Like its rival the iX3, the EX60’s entire operating system is defined by the ‘Superset’ tech stack that’ll underpin every single electric Volvo in the future. It’s got the latest version of something called ‘HuginCore’ – named, of course, after the bird in Norse mythology – that “empowers the car to think, process and act”. Here it’s powered by NVIDIA and Qualcomm tech that Volvo reckons offers up “ultra-fast” processing power. Less screen lag and better responses, basically.

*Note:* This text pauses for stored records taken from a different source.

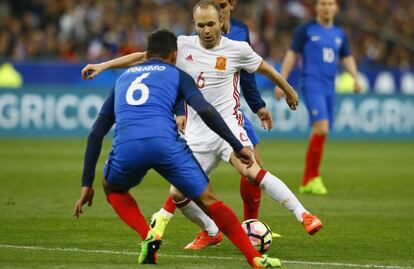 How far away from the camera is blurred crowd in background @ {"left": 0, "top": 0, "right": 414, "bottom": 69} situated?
25.4 meters

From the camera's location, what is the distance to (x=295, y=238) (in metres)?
9.68

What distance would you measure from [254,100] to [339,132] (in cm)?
1508

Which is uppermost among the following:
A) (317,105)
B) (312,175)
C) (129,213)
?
(129,213)

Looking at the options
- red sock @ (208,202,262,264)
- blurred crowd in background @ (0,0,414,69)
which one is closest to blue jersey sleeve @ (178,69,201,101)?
red sock @ (208,202,262,264)

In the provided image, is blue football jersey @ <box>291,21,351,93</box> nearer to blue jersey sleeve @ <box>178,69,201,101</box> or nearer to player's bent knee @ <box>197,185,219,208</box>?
blue jersey sleeve @ <box>178,69,201,101</box>

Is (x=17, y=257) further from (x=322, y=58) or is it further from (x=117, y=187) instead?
(x=322, y=58)

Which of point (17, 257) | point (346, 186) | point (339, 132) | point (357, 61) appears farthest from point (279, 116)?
point (17, 257)

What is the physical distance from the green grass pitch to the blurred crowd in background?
5995 millimetres

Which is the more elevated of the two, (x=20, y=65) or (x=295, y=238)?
(x=295, y=238)

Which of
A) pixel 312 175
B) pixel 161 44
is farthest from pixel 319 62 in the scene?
pixel 161 44

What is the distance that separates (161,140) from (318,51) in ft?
24.5

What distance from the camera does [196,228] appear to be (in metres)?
10.4

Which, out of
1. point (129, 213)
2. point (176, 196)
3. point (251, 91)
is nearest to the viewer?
point (129, 213)

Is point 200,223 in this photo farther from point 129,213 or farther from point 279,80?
point 279,80
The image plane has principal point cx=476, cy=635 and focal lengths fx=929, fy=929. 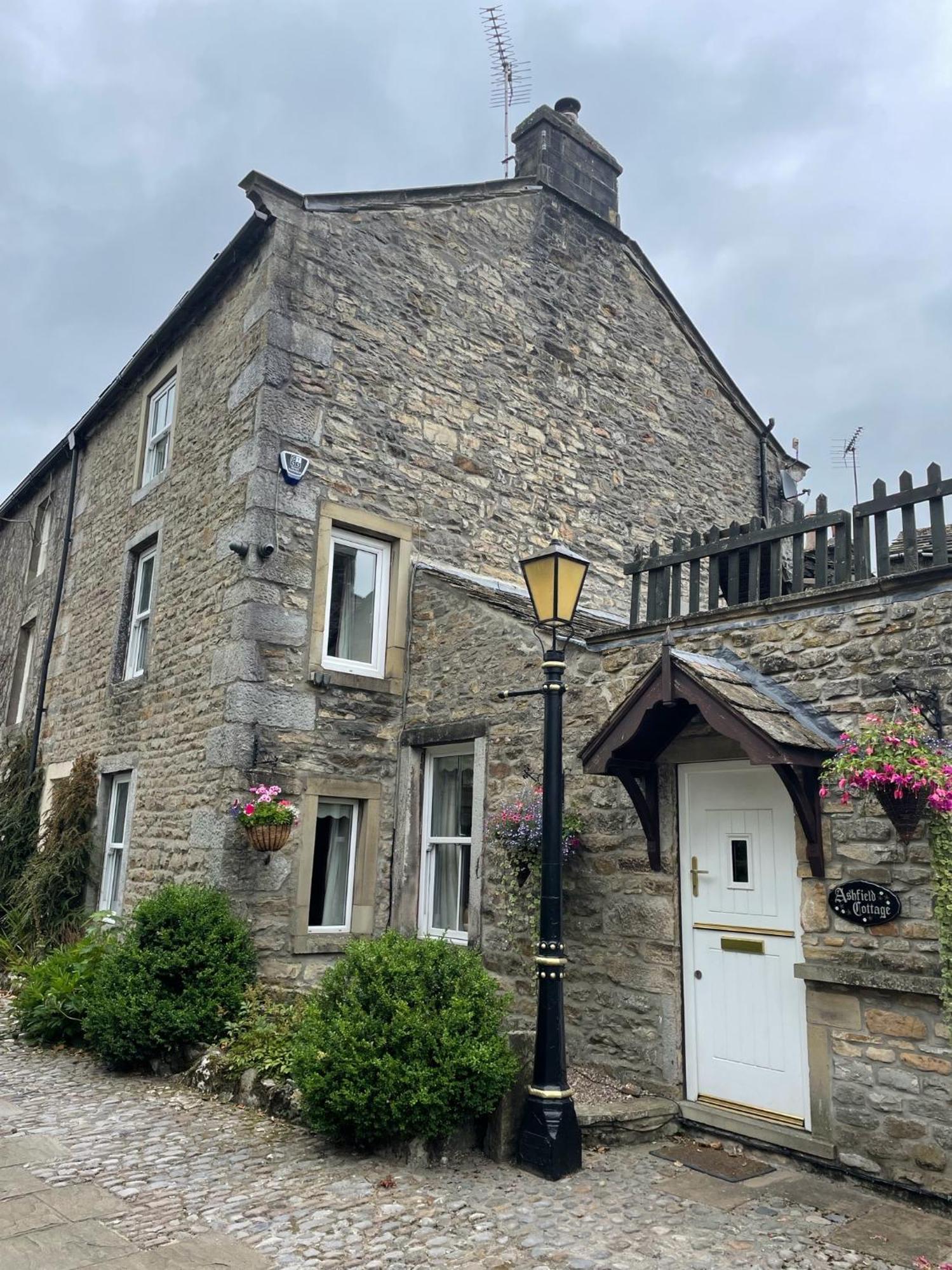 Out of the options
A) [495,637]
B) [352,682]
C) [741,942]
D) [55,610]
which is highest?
[55,610]

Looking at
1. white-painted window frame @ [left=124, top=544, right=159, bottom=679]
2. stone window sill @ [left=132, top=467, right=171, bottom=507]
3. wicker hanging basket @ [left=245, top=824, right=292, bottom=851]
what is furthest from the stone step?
stone window sill @ [left=132, top=467, right=171, bottom=507]

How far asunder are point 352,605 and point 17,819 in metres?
6.38

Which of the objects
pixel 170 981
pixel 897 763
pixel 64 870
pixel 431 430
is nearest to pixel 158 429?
pixel 431 430

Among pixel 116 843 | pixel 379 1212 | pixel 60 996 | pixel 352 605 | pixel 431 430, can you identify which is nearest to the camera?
pixel 379 1212

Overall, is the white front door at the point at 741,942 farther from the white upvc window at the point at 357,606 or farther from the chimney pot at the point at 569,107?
the chimney pot at the point at 569,107

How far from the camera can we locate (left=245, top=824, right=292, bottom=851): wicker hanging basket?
7691 millimetres

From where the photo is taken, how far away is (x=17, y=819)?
12289 mm

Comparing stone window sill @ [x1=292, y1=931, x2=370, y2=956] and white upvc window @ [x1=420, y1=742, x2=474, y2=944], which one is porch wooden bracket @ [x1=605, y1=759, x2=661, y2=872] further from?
stone window sill @ [x1=292, y1=931, x2=370, y2=956]

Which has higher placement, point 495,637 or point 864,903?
point 495,637

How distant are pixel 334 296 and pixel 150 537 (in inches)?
139

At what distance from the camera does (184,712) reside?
9.00 m

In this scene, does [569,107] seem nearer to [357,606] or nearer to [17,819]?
[357,606]

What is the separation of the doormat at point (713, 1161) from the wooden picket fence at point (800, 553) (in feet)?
10.9

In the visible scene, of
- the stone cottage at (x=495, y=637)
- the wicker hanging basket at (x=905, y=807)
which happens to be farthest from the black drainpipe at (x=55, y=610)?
the wicker hanging basket at (x=905, y=807)
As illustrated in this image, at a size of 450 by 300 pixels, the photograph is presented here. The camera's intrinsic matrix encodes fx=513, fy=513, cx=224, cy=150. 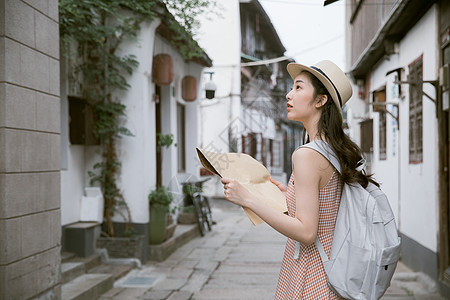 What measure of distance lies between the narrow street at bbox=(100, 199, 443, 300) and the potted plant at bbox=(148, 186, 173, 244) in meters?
0.45

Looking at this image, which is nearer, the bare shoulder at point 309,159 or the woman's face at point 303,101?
the bare shoulder at point 309,159

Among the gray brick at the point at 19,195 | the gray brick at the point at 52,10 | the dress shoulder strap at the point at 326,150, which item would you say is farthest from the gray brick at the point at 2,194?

Three versions of the regular EX60 will be available in three battery sizes, along with just one trim available in EX60 Cross Country guise (pictured below). For the EX60, there’s the single motor, rear-drive, 369bhp ‘P6’ version (83kWh battery), a twin motor, AWD ‘P10’ with 503bhp (95kWh battery), and the big boy ‘P12’, again a twin motor EV with a whopping 671bhp (117kWh battery).
More numbers, so strap in: the P6 gets 354lb ft, up to 385 miles of range and will go from 0-62mph in 5.9s. The P10 posts 524lb ft, 410 miles of range, and 0-62mph in 4.6s. The P12 gets an exceedingly healthy 583lb ft, the headline 505 miles of range (up to), and a 0-62mph time of just 3.9s. Nobody needs to go from 0-62mph in 3.9s in a family SUV, but hey, it’ll do it.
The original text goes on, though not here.